Durante a apresentação, enquanto a autora explica que uma das maiores inspirações para o livro foi a sua professora do primeiro ciclo, a professora Helena, que a ensinou a olhar para o mundo sem achar que ninguém é superior, vão-se ouvindo no exterior gritos que ecoam “Portugal” e o hino nacional. Na sala cheia, todos parecem indiferentes ao som abafado que vem da rua. Antes de falar na professora Helena, Lúcia começou por dizer que escreve este livro porque “tem a sorte de ter uma filha” e com a sua filha descobriu que “as crianças não são patetas”, embora o mundo as tente fazer assim. Numa nota de otimismo, em vez de se focar nos protestos, Lúcia olha com esperança para solidariedade que viveu esta semana.

Pilar del Rio, Presidente da Fundação Saramago, não faltou à apresentação. O SAPO24 questiona se hoje sente mais ansiedade que nas outras apresentações, afasta de imediato essa ideia. “Ansiedade não, respeito. Nós nascemos para a liberdade e para que as pessoas se possam expressar livremente. Nesta ocasião em especial, se haviam sido impedidos de manifestar-se e expressar-se que o possam fazer nesta sala com uma firme convicção.” E acrescenta que a Fundação servirá sempre “para defender a liberdade de expressão e os valores que nos fazem humanos. Os valores que estão consagrados na Constituição e na Declaração Universal de Direitos Humanos. O que este livro conta são também expressões humanas e formas de desenvolvimento a que os seres humanos têm direito”.

O ilustrador do livro Tiago M também prefere referir mensagens positivas que recebeu durante esta semana, até porque nunca pensou que “desenhar bonecada” trouxesse tanta celeuma.

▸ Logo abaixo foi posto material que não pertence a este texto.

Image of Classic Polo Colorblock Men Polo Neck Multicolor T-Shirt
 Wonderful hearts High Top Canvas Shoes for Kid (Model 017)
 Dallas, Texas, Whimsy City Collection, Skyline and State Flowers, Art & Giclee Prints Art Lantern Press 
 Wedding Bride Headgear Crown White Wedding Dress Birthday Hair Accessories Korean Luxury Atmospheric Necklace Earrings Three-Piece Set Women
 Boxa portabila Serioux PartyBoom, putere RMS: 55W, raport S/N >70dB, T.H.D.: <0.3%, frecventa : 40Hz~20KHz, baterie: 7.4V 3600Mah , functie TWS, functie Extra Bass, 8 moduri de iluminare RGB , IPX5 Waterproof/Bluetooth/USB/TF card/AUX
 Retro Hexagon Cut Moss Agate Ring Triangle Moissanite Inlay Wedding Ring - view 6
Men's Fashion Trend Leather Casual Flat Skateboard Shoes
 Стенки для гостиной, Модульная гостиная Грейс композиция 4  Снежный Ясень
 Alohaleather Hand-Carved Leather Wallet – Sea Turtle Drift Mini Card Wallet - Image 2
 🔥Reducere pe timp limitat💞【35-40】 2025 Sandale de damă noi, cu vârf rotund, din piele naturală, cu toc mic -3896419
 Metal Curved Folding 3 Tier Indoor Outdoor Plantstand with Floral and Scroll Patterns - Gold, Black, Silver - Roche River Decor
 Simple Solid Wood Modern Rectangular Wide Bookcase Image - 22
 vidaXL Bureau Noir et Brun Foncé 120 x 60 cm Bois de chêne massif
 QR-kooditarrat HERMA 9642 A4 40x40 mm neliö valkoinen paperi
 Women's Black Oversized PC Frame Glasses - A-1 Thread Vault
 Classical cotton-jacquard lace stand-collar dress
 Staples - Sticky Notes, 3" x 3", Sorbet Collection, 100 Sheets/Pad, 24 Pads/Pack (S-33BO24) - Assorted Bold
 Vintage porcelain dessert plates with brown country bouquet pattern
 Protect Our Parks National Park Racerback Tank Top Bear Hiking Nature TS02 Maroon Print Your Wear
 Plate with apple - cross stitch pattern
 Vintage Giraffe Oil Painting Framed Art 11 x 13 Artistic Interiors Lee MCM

Lembra um personagem do livro que conheceu na vida real. Na plateia o autor dessa mensagem, Rodrigo, explica que a identificação com o personagem com o seu nome, que que usa vestidos, foi automática. “Foi muito emocionante, consegui transportar-me para essa altura e curar-me dessa dor que senti durante muito tempo.” Também a mãe de um filho trans pediu o microfone para dizer que este livro é importante porque provou o poder da literatura, mesmo em tempo de liberdade.

No fim, um aviso: a saída terá que ser feita pelas traseiras da Fundação Saramago porque os manifestantes prometem bolas de fogo a cair dos céus. Dentro de portas e debaixo do teto da Fundação só abraços e livros a serem assinados.